Some people start as hackers, and stay hackers all their lives. They can be phenomenally productive as individual contributors, technical leads, architects, CTOs. They’re always working on side projects, both at home and at work. Indeed, the two are frequently indistinguishable. They love to code, hate meetings, and tolerate software engineers as best they can. They can be both the top contributors of code and invisible to other team members, due to shifted hours and a tendency to shut the world out and focus. At their best they can act as a mentor for other team members, and will lead the team technically, providing a powerful safeguard against bad code entering “their” codebase. But at their worst they can be anti-social, focusing on non-essential (but personally interesting) tasks, the worst perpetrators of “not invented here.”

Most people who start out as software engineers stay software engineers all their lives. They major in computer science when they get to college, complete the classes, get the degree, and do the work. They don’t love the code, don’t do side projects, and despite their protestations don’t particularly mind meetings. They aren’t stand-out coders, and try to make up for what they lack in skill with process. If and when they become managers, they give up coding entirely, because it’s no longer necessary for their success and was never something they enjoyed for its own sake.
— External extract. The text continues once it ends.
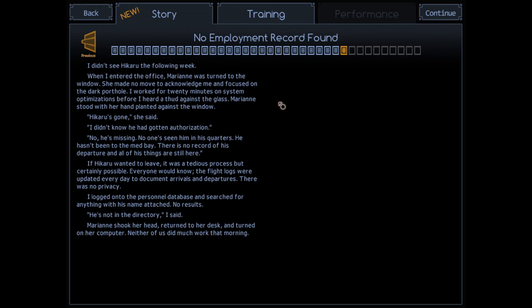I didn't see Hikaru the following week. When I entered the office, Maryanne was turned to the window. She made no move to acknowledge me and focused on the dark portal. I worked for 20 minutes on system optimizations before I heard a thud against the glass. Maryanne stood with their hand planted against the window. Hikaru is gone, she said.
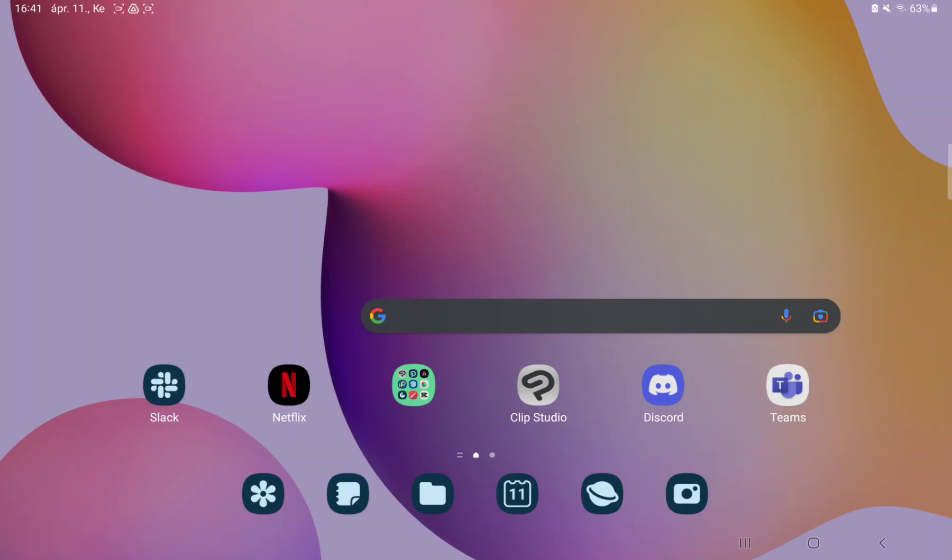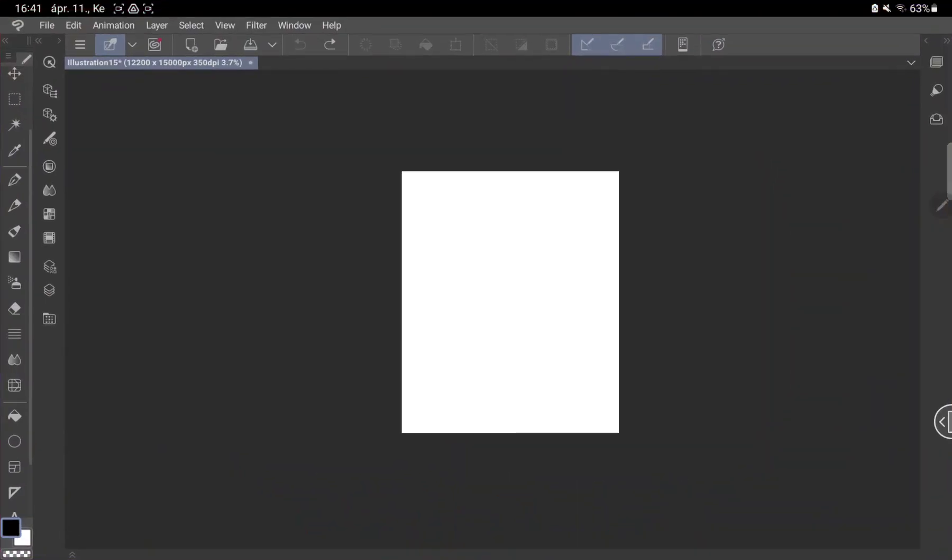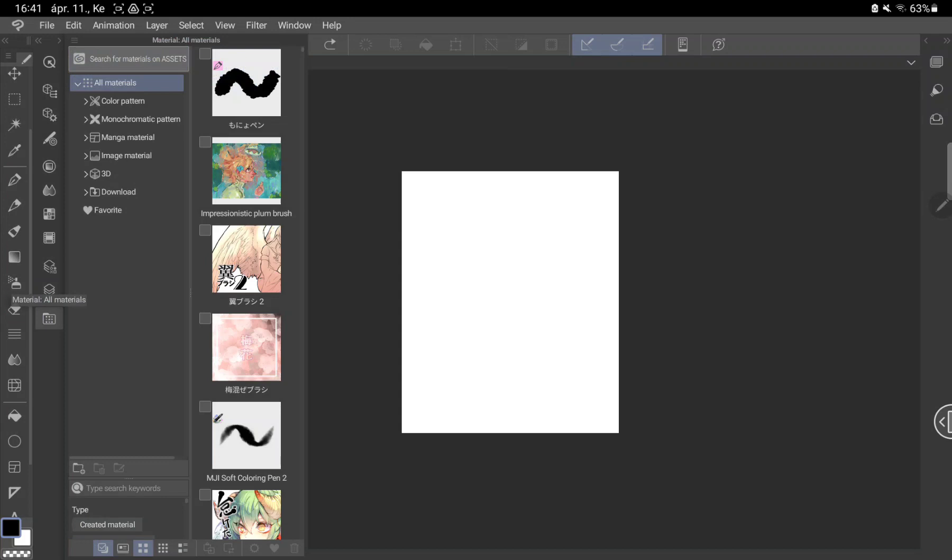So let's jump into it. First, open the application on your device. Click the toolbar on the left side of the screen and tap the folder icon under the layers.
After a remarkably short period of time, they can no longer remember how. They lead rich, full lives outside of work.

Lastly, there are the software engineers who started out as hackers. This is the most interesting group – the hard-core coders who mastered the technical domain on their own terms, but ultimately learned to work in a more reliable, team-oriented, maintainable way. Some become managers, but usually in a mixed role that also includes coding. Some become team leads, and help the team balance demands for rapid development, timely delivery, code quality, automated testing, maintainability, etc. Some avoid leadership roles entirely, and merge their joie de coding with a disciplined, software engineering approach to their work (and sometimes home) projects.

It’s difficult to make this transition, and I suspect that there’s frequently a catalyst for change – the birth of a child, a change in the needs of a startup as it transitions from plucky underdog to established company, just getting older. At some point the body can no longer handle the junk food and long hours, the need for non-work-related time increases, projects get bigger, and you realize that you’ll be the primary beneficiary of any work to increase maintainability. Or you just get tired of writing another damn string library.

In the end, a hacker can best be thought of as the larval form of a great software engineer, a necessary but insufficient first step. Hackers who don’t make the leap are missing out on an important step in their personal evolution (though they may be having a lot of fun). And software engineers who skipped ahead without learning to love the moment-to-moment act of coding will never be able to understand, or measure up to, the hackers in their midst.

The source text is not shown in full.